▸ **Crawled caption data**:
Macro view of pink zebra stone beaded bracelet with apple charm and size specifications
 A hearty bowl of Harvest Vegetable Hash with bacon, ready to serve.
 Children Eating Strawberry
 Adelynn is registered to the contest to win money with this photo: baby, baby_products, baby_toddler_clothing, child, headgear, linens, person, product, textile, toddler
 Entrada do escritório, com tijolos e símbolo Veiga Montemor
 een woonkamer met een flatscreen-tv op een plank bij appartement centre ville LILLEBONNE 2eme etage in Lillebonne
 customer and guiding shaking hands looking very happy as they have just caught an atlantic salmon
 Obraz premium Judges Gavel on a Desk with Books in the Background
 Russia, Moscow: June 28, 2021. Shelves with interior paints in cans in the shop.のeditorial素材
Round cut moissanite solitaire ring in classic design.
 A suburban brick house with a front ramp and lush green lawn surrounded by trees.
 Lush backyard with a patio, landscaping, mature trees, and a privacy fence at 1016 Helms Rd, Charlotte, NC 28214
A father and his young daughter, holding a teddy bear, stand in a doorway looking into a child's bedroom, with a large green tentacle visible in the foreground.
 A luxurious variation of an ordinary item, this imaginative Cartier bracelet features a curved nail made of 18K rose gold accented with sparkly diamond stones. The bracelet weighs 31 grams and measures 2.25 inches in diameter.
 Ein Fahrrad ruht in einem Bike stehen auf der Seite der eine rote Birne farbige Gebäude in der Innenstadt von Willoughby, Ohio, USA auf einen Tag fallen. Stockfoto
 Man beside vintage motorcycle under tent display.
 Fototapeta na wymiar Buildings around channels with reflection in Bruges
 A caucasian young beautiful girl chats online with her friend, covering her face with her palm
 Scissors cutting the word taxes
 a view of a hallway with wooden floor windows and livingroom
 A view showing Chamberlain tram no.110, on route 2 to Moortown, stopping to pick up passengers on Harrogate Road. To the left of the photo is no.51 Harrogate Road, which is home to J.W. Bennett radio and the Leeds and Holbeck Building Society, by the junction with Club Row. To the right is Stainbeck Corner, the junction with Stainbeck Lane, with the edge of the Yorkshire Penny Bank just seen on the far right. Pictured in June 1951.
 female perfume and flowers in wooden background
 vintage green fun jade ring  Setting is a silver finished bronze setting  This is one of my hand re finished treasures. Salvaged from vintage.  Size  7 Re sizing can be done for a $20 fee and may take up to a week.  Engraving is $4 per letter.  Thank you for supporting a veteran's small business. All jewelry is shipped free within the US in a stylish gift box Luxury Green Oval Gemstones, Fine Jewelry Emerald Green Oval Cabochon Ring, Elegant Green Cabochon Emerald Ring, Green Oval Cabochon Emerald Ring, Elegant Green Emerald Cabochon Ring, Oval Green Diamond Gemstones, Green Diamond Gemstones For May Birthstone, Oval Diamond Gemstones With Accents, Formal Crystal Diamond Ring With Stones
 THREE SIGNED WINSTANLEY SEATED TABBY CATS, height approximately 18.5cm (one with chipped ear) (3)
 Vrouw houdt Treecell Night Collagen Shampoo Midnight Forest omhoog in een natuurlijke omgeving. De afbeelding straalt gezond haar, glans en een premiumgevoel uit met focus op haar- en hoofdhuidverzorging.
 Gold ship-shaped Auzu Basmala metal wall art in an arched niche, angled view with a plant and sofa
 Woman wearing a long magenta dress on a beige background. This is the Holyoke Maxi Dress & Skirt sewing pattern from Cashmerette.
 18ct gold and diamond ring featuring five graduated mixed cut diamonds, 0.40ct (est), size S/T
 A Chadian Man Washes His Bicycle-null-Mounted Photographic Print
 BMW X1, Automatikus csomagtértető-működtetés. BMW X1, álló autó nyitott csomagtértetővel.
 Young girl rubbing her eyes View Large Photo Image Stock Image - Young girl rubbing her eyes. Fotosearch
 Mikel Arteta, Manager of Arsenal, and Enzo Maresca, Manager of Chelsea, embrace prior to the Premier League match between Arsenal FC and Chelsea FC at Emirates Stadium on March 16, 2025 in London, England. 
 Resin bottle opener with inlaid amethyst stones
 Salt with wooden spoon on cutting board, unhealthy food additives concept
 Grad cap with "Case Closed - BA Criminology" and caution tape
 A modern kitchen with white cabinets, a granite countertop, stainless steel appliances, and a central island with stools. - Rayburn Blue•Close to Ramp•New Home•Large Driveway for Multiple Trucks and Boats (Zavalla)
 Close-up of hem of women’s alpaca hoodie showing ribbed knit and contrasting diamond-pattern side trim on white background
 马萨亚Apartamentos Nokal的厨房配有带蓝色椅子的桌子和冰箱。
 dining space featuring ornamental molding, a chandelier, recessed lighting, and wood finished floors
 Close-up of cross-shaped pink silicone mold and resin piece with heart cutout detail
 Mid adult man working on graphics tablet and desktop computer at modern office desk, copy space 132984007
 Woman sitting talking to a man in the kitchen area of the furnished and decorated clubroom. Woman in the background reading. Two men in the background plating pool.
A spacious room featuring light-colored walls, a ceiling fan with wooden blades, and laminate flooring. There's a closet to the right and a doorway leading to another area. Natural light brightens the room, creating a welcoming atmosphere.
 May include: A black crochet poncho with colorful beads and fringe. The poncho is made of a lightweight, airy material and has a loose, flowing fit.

▸ **Exercise aim**:
Only those lines of the entries above that run from the line containing "Children Eating Strawberry" to the line containing "Obraz premium Judges", both included, should be transcribed exactly.

▸ **Solution for this exercise**:
 Children Eating Strawberry
 Adelynn is registered to the contest to win money with this photo: baby, baby_products, baby_toddler_clothing, child, headgear, linens, person, product, textile, toddler
 Entrada do escritório, com tijolos e símbolo Veiga Montemor
 een woonkamer met een flatscreen-tv op een plank bij appartement centre ville LILLEBONNE 2eme etage in Lillebonne
 customer and guiding shaking hands looking very happy as they have just caught an atlantic salmon
 Obraz premium Judges Gavel on a Desk with Books in the Background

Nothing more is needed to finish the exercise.